RE: how are orthographic equivalents for tokens documented? from Al Gilman on 2001-09-08 (www-voice@w3.org from July to September 2001)

From: Al Gilman <asgilman@iamdigex.net>
Date: Fri, 07 Sep 2001 23:21:05 -0400
To: <andrew.hunt@speechworks.com>, <www-voice@w3.org>
Message-Id: <200109080258.WAA9474090@smtp2.mail.iamworld.net>
At 07:30 PM 2001-09-03 , Andrew Hunt wrote:
>Al,
>
>The WG has visited pronunciation and lexicon issues several times 
>in the context of preparing the grammar spec.  The following is my 
>best effort at a summary of the overall group position:
>
>1. Version 1.0 of the Grammar Spec will not permit within-grammar
>   specification of pronunciations

AG::

Well first off, this is very good to hear.

I had it the other way around.  The way I read the grammar specification, it
_only_ included "sounds like" tokens as terminals, without regard for
dictionary spellings.

If your concept of grammar definition is that the token terminals are words
spelled as they would be found in the dictionary, and how to expect it to
sound
is clarified in the optional referenced lexicon, then that is much better.

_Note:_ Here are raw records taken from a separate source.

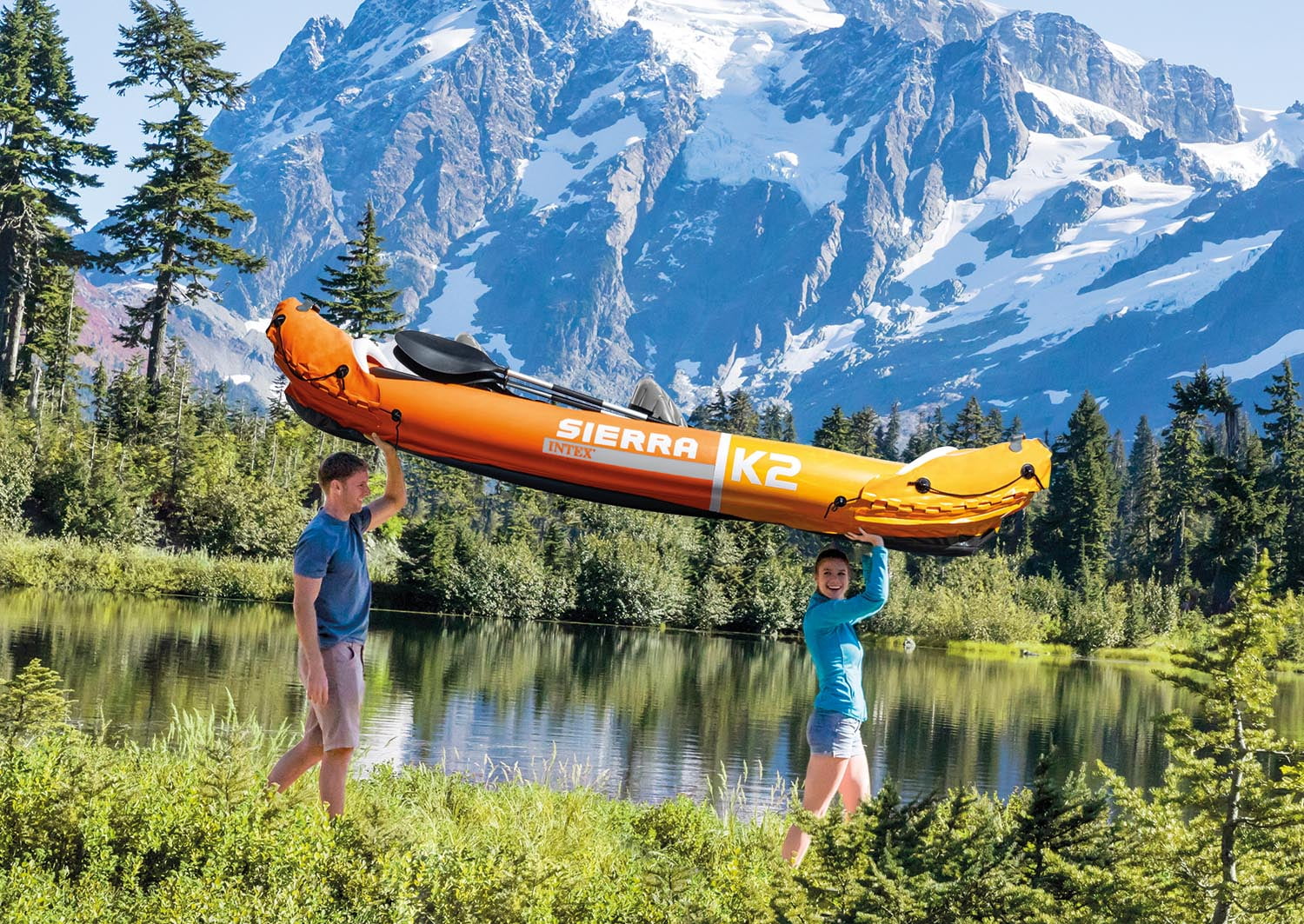Intex Sierra K2 Inflatable Kayak with Oars and Hand Pump - Womvr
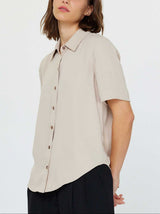 Light Taupe Short Sleeve Button-Down Shirt
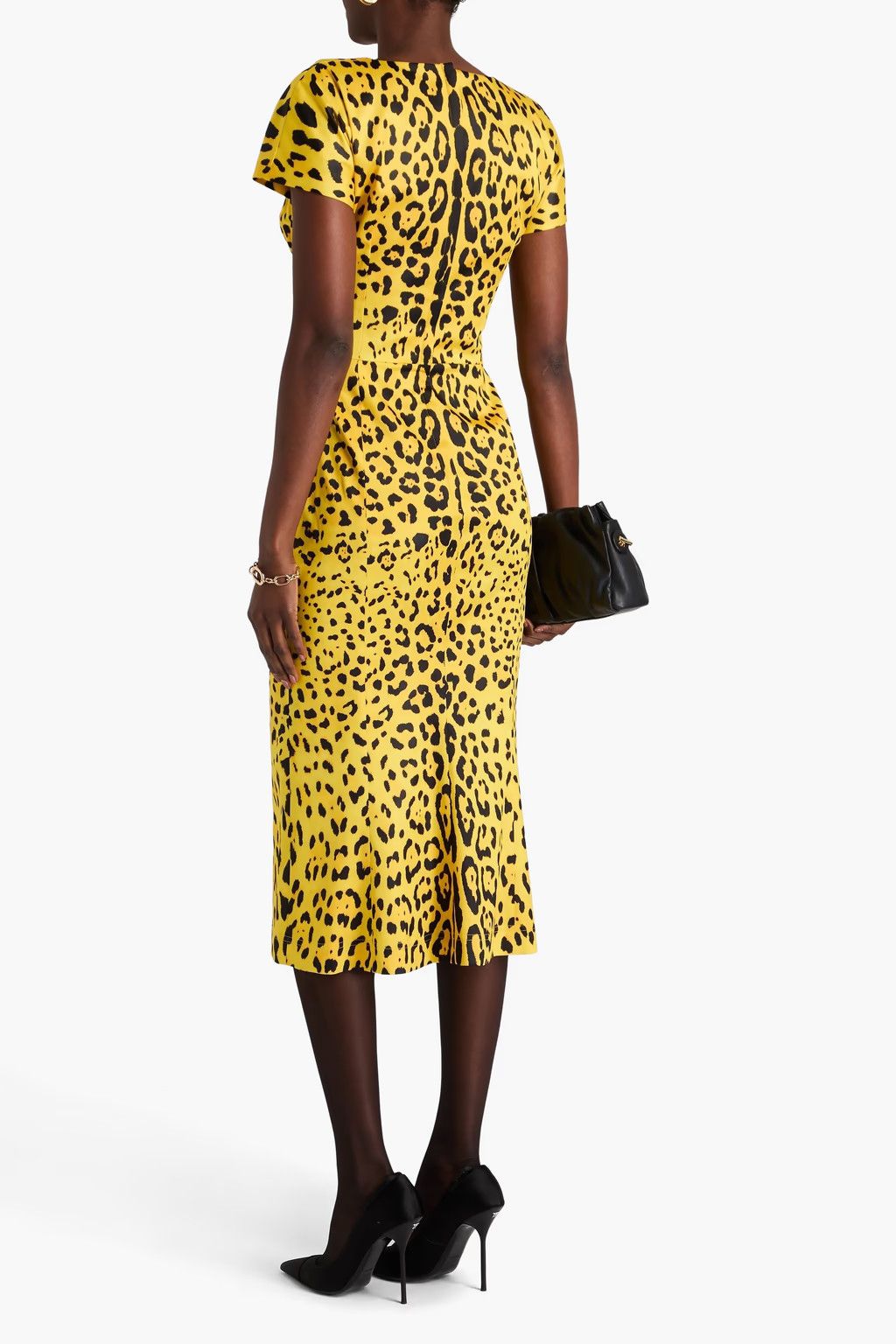 Dolce & Gabbana o1y0825 Leopard-Print Midi Dress in Yellow/Black Size XS / US 0-2 / IT 36-38 - 3 Thumbnail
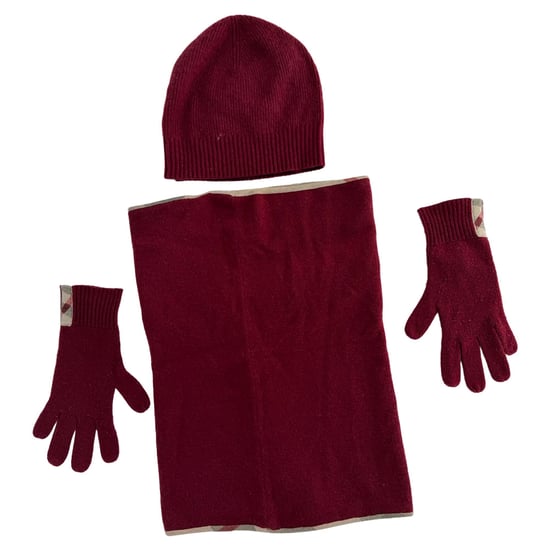 Burberry Gloves, Scarf and Beanie in Red Cashmere - Image 1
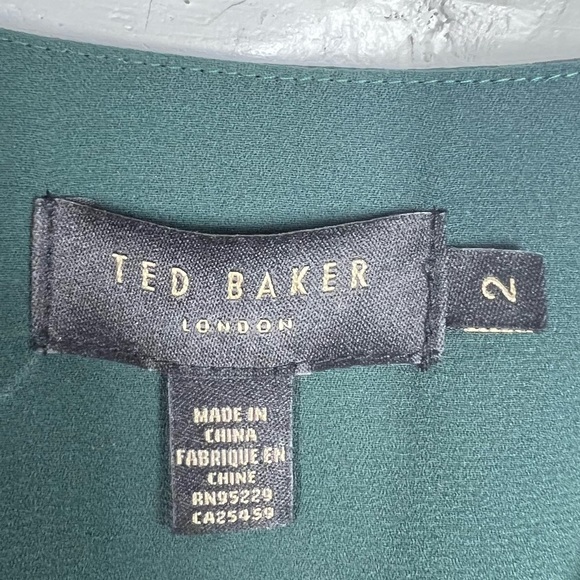 TED BAKER Eveliin Green Floral Blouse with Metallic Threads and sheer sleeves 2 - Picture 3 of 11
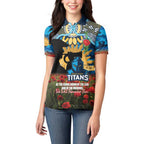 Personalised Titans Rugby ANZAC Day Women Polo Shirt Last Post Poppy We Will Remember Them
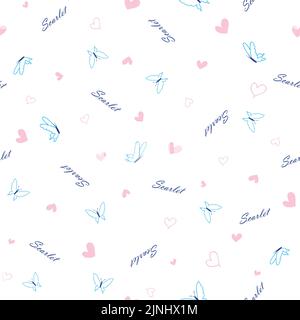 Cute blue butterflies pink hearts with text isolated on white vector seamless pattern. delicate modern background. Stock Vector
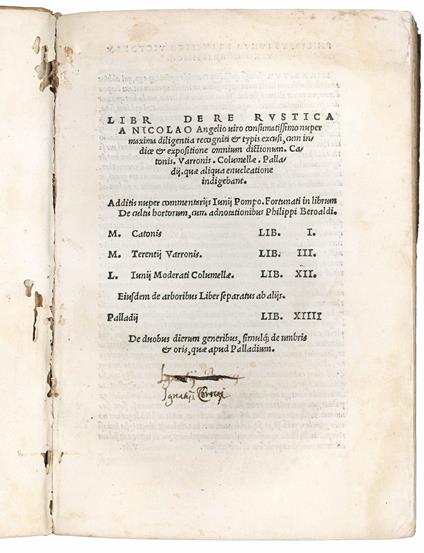 Libri de re rustica a Nicolao Angelio viro consumatissimo nuper maxima diligentia recogniti & typis excusi, cum indice & expositione omnium dictionum. Catonis. Varronis. Columellae. Palladij. quae aliqua enucleatione indigebant. Additis nuper comment - copertina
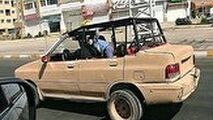جابه جایی مرزهای تکنولوژی با تردد خودروی پراید سه چرخ در خیابان‌ها 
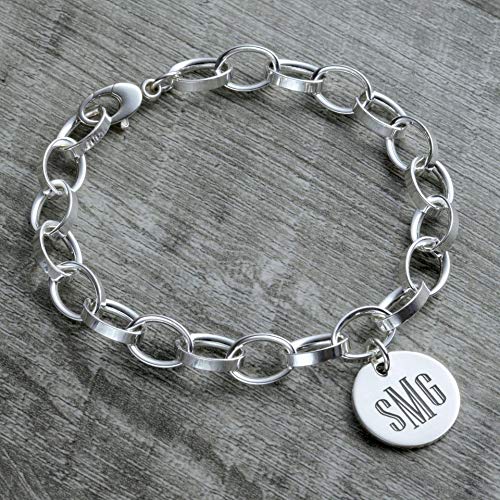 Personalized Monogram Charm Bracelet in Sterling Silver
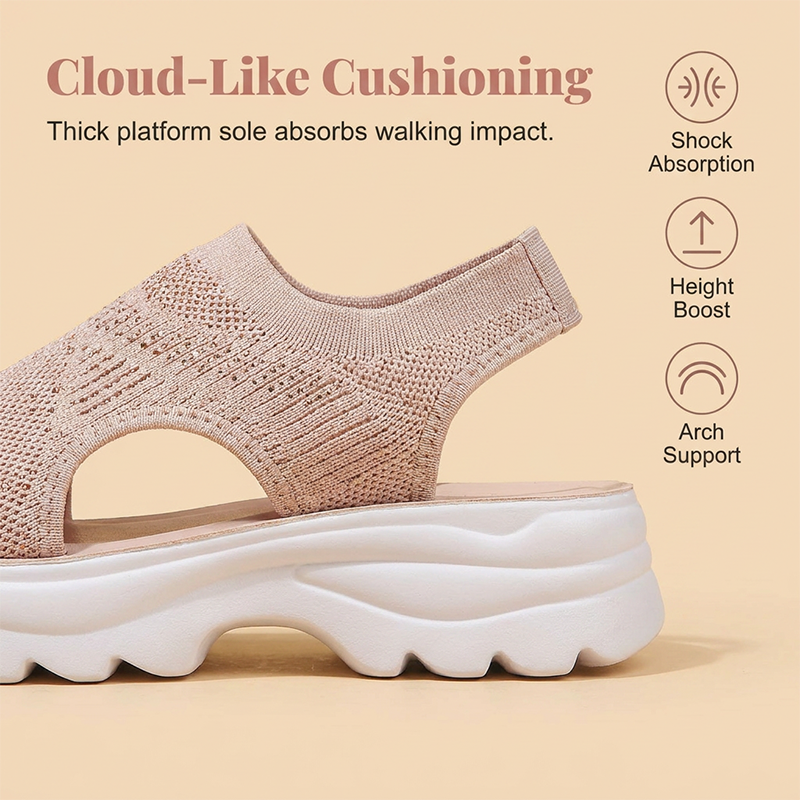 A pair of Arenzza women's breathable mesh platform sandals with open toes and chunky soles, perfect for summer wear.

>2. The most recent draft (August 20) adds a <lexicon> element that
>   permits reference to an external pronunciation lexicon
>3. Review of RUBY found that it was not suited to the needs of the
>   grammar pronunciation problem.  I cannot comment on the details
>   as other WG members did the review
>4. Pronunciation lookup should be outside the scope of the Semantic
>   Interpretation spec.  Put differently, the grammar spec should be
>   complete and stand-alone on the topic of pronunciations

AG::

As it may be clear by now, our concern is with whether the definition of the
input to which the system responds is captured in a form [orthodox spelling]
usable with visual or tactile media (such as Braille).  I believe that
standard
spelling is "semantic enough" for the desired 'repurposability" in this
respect.

>5. The specification, as currently drafted, is sufficient to produce
>   interoperable implementations for a majority of use cases (but
>   certainly not all)
>
>FYI, the Voice Browser WG has begun work on a Pronunciation Lexicon
>specification with a Requirements document being released earlier 
>this year.  I do not anticipate a first working draft of that before
>the end of this year.
>
>> It is not clear that WAI can approve this document going to PR until that
>> mechanism is defined and it is clear it works.
>
>Could you please expand upon this comment so that we can have a 
>sense for the benchmark that the spec will be reviewed against.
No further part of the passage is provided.